Flood, Rebuild, Repeat: Are We Ready for a Superstorm Sandy Every Other Year?
Take the boarded-up entrance to the new South Ferry subway station at the end of the No. 1 line. The metal structure covering the stairwell is dotted with rust and streaked with salt, tracing the high-water mark at 13.88 feet above the low-tide line—a level that surpassed all historical floods by nearly four feet. The saltwater submerged the station, turning it into a “large fish tank,” as former Metropolitan Transportation Authority Chairman Joseph Lhota put it, corroding the signals and ruining the interior. While the city reopened the old station in early April, the newer one is expected to remain closed to the public for as long as three years.
Before the storm, South Ferry was easily one of the more extravagant stations in the city, refurbished to the tune of $545 million in 2009 and praised by former MTA CEO Elliot Sander as “artistically beautiful and highly functional.” Just three years later, the city is poised to spend more than that amount fixing it. Some have argued that South Ferry shouldn’t be reopened at all.
The destruction in Battery Park could be seen as simple misfortune: After all, city planners couldn’t have known that within a few years the beautiful new station would be submerged in the most destructive storm to ever hit New York City.

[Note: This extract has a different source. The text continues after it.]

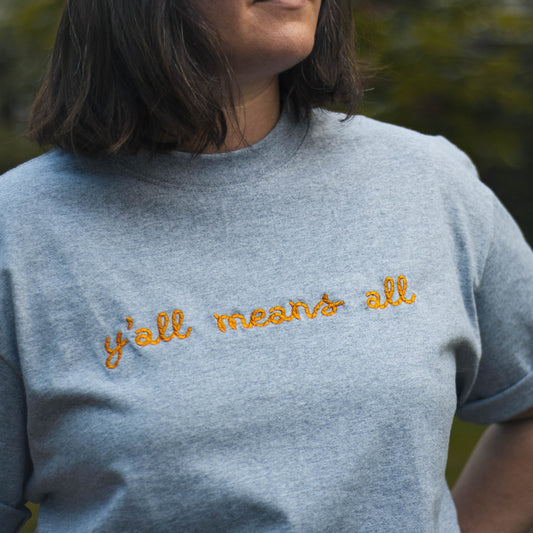 A close up picture of Bella wearing the "y'all means all" tshirt. The tshirt is a medium grey color with the phrase y'all means all in a rope style font in a rich yellow color.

Except for one thing: They sort of did know. Back in February 2009, a month before the station was unveiled, a major report from the New York City Panel on Climate Change—which Mayor Michael Bloomberg convened to inform the city’s climate adaptation planning—warned that global warming and sea level rise were increasing the likelihood that New York City would be paralyzed by major flooding. “Of course it flooded,” said George Deodatis, a civil engineer at Columbia University. “They spent a lot of money, but they didn’t put in any floodgates or any protection.”